“So do you have any observations to make about the New Star reconstruction?” I asked the chairman of the imperturbably-sized investment company Second Coming Asset Management as we enjoyed a pint or two of Including Me in The Substantial Dilution. “Nothing particularly leaps to mind,” he shrugged in reply.
“Oh,” I said. “In that case, shall we instead talk about the latest episode of the soap opera that is the Retail Distribution Review?” “Why not?” agreed the chairman. “In fact, I’m rather surprised you haven’t brought up the subject earlier.” “Well, it’s normally something I would have discussed with your son over at Huxley Epsilon,” I said. “Only he appears to have gone missing.”
“Yes, he does that from time to time,” said the chairman nonchalantly. “I think his record vanishing act lasted in the region of 15 years – I seem to remember him mentioning being kidnapped by Amazonian Indians or something along those lines – but, still, he usually pops up somewhere eventually. Anyway, this whole RDR business has ramifications for fund groups as well as advisers, you know.”
“I do know,” I replied. “Although the FSA does now seem to be playing the adviser side more for laughs. After all, it was only back in April that Her Majesty’s financial services industry was broadly in agreement that the regulator had made a decent fist of channelling the requisite clear blue water between advice and sales.
“But now somebody at the FSA genuinely seems to believe the best way to help consumers better distinguish between sales and advice is to have two channels called ‘independent advice’ and – here’s the nugget of comedy genius – ‘sales advice’. No matter how hard I might try, I really don’t think I could make up a financial joke as good as that one.”
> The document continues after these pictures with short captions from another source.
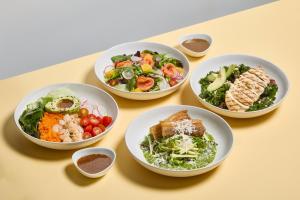 a group of bowls of food on a table at Days Inn by Wyndham Patong Beach in Patong Beach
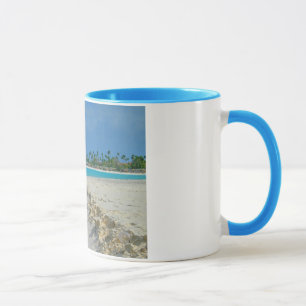 Sable d'Aruba et tasse de surf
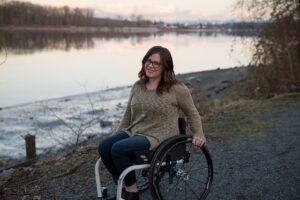 woman in wheelchair near lake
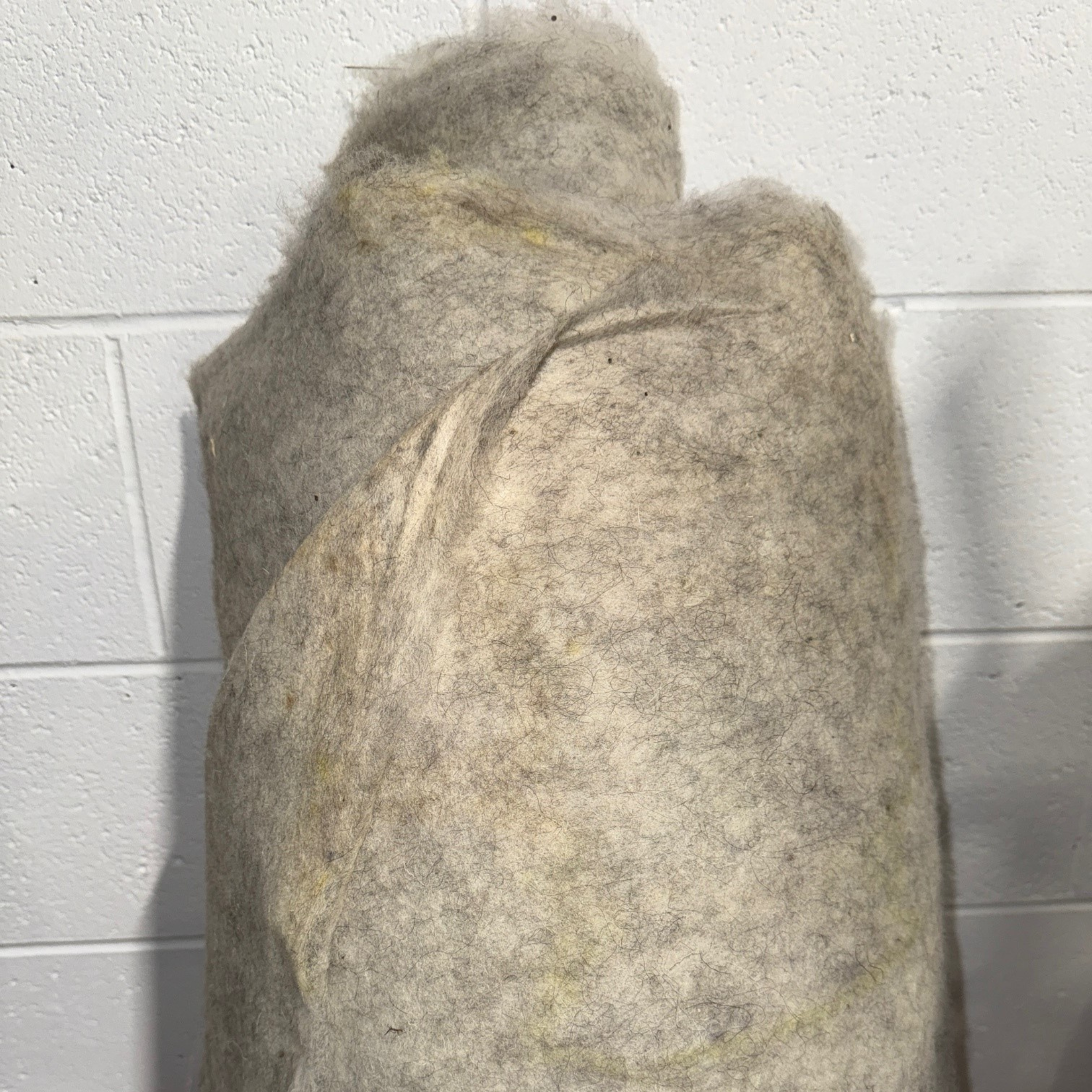 Sheep wool garden fleece slightly damaged.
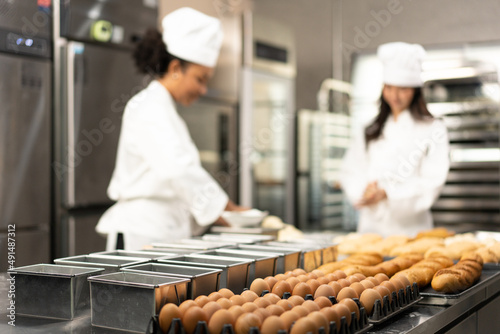 Selective focus of many empty baking bread loaf pans placed near two trays of 30 chicken eggs and a tray of baked breads on a table where blurred two female bakers are kneading dough in a kitchen.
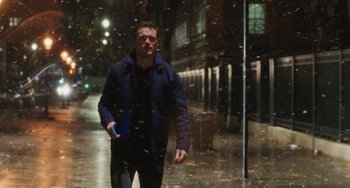 Movie still from “Love Again” (2023), directed by Jim Strouse – A man walking down a street in the rain; Medium shot, Low angle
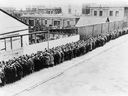 A long line of unemployed and homeless men wait outside to get free dinner at the municipal lodging house during the Great Depression, in New York, circa 1930.
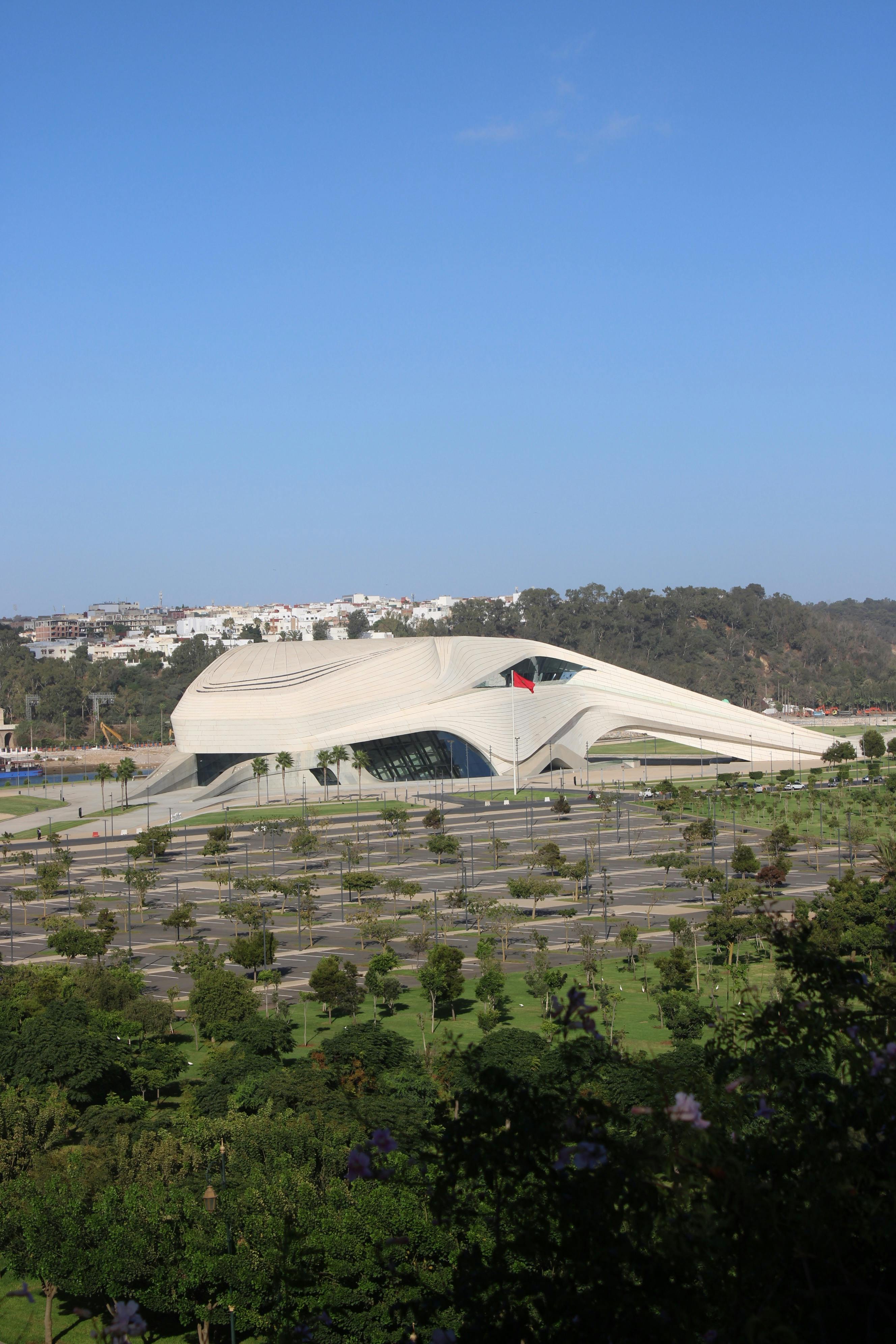 Free A modern architectural masterpiece of the Grand Theater in Rabat, Morocco under clear blue skies. Stock Photo
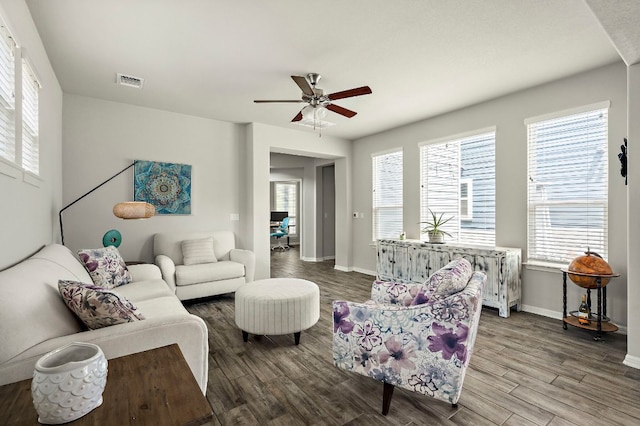 living area featuring baseboards, visible vents, wood finished floors, and ceiling fan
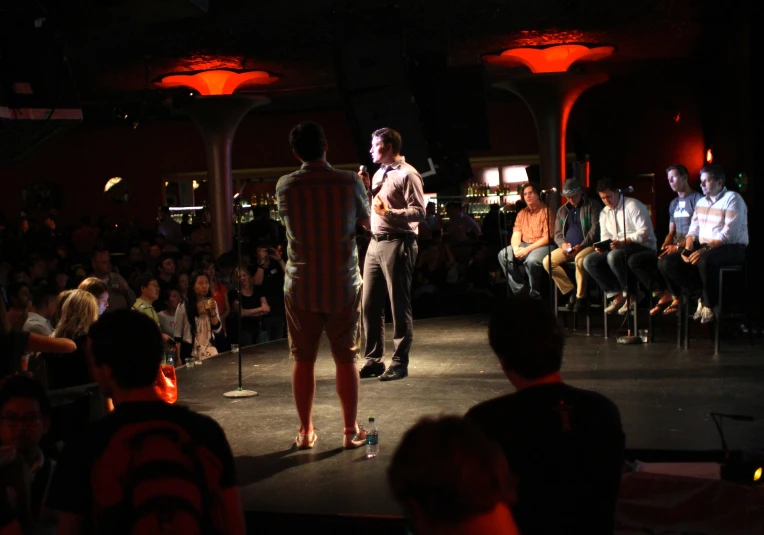 three people speaking and standing on stage with audience watching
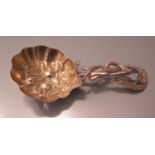 A Victorian Silver Caddy Spoon with gilt fruit embossed bowl and foliate handle, Birmingham 1853,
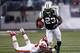 EAST RUTHERFORD, NJ - DECEMBER 11: Shonn Greene #23 of the New York Jets runs away from Justin Houston #50 of the Kansas City Chiefs during their game at MetLife Stadium on December 11, 2011 in East Rutherford, New Jersey. (Photo by Jeff Zelevansky/Getty Images)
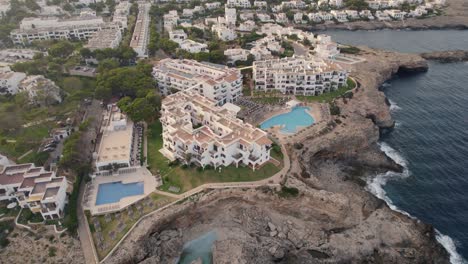 Establishing-aerial-view-flying-over-Mallorca-holiday-resort-on-Mediterranean-coastal-cliff-edge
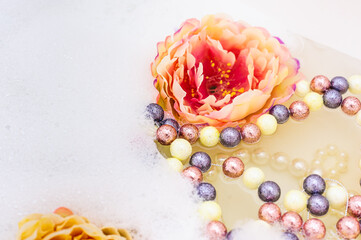 Multicolored beads and pearl necklace next to peony flowers float in water with foam. copy space. close up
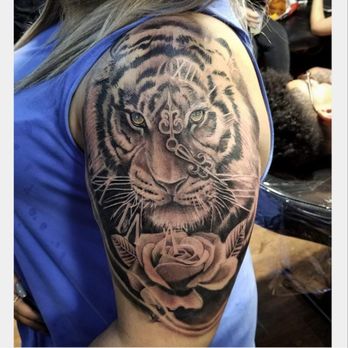 Untouchable Inks - Black and grey tiger done by artist @inkandpa1nt - Tattoo Near Me - Brooklyn, New York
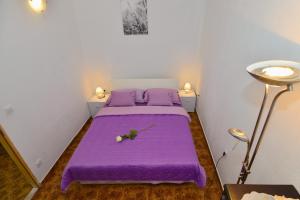 Un dormitorio con una cama morada con un reloj. en Apartments Veky 3, en Split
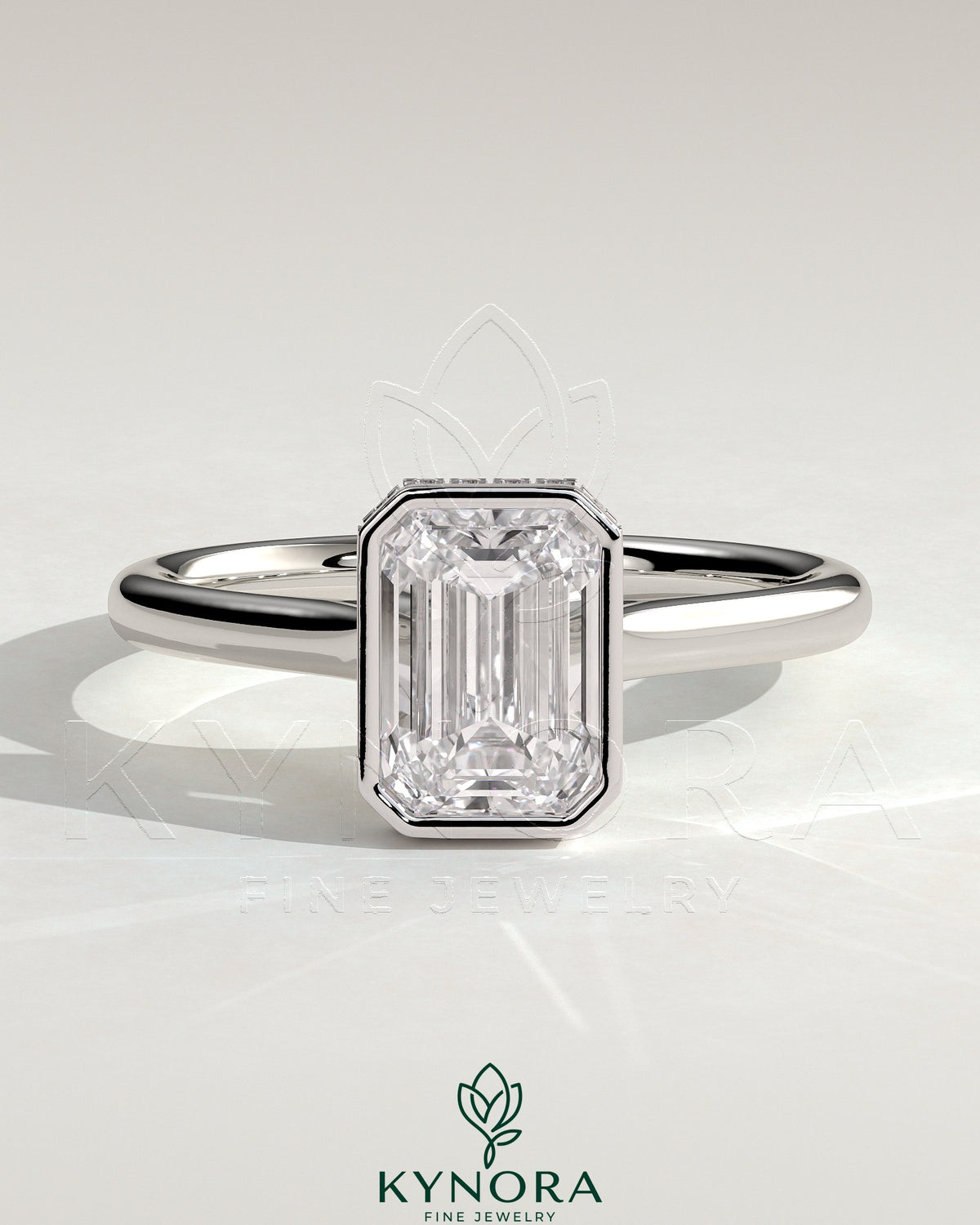 Kynora CJ 2ct emerald bezel solitaire engagement ring with hidden halo and cathedral high setting, showcasing intricate jewelry design.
The chairman looked confused. “Never mind,” I sighed. “You were saying how the RDR also affects fund providers and indeed I was reading about that only the other day. Apparently the FSA has got it into its head that fund providers are going to face an uphill struggle adapting to the new regime …”
“Whatever that regime eventually turns out to be after this never-ending stream of consultations and feedback documents,” interrupted the chairman with a harrumph. “As you say,” I nodded. “Anyway, the FSA thinks you’re all up against it because – I think this is how its argument runs – over the years your entire distribution structure has been built around perpetuating the evil that is commission.”
“I know,” laughed the chairman. “Sometimes I spend whole days thinking about nothing else beyond how we can better bribe financial advisers into recommending Scam’s funds.” Actually, here I became rather less sure that he was joking, so instead asked: “So you don’t share the FSA’s concerns about fund groups meeting the appropriate deadlines?””What – to remove all predetermined commission payments on retail products by 2013?” replied the chairman. “Absolutely not. I suppose the FSA may have got it into its head that investment houses might have a problem with hitting a deadline that’s a whole five years away because we’ve not always been as speedy as we might have been complying with their various demands in the past.
“But – and I’ll let you into a little secret here – the reason neither Scam nor any of its competitors is working itself into a lather about this deadline is we’ve learnt from bitter experience never to trust the FSA so far in advance. Put it this way, would anything the regulator has done in the last eight years fill you with confidence it wasn’t going to change its mind at least twice more along the RDR road?””I guess not,” I said. “Well, there you go,” said the chairman. “When everybody’s convinced the FSA has run out of U-turns then we’ll flick a few switches and either add some share classes to our Oeics or maybe adapt an institutional class. But, for now, I think there are more pressing issues to worry about. “So,” I said. “Any thoughts on the New Star deal yet?” “Nope,” said the chairman. “Not a sausage.”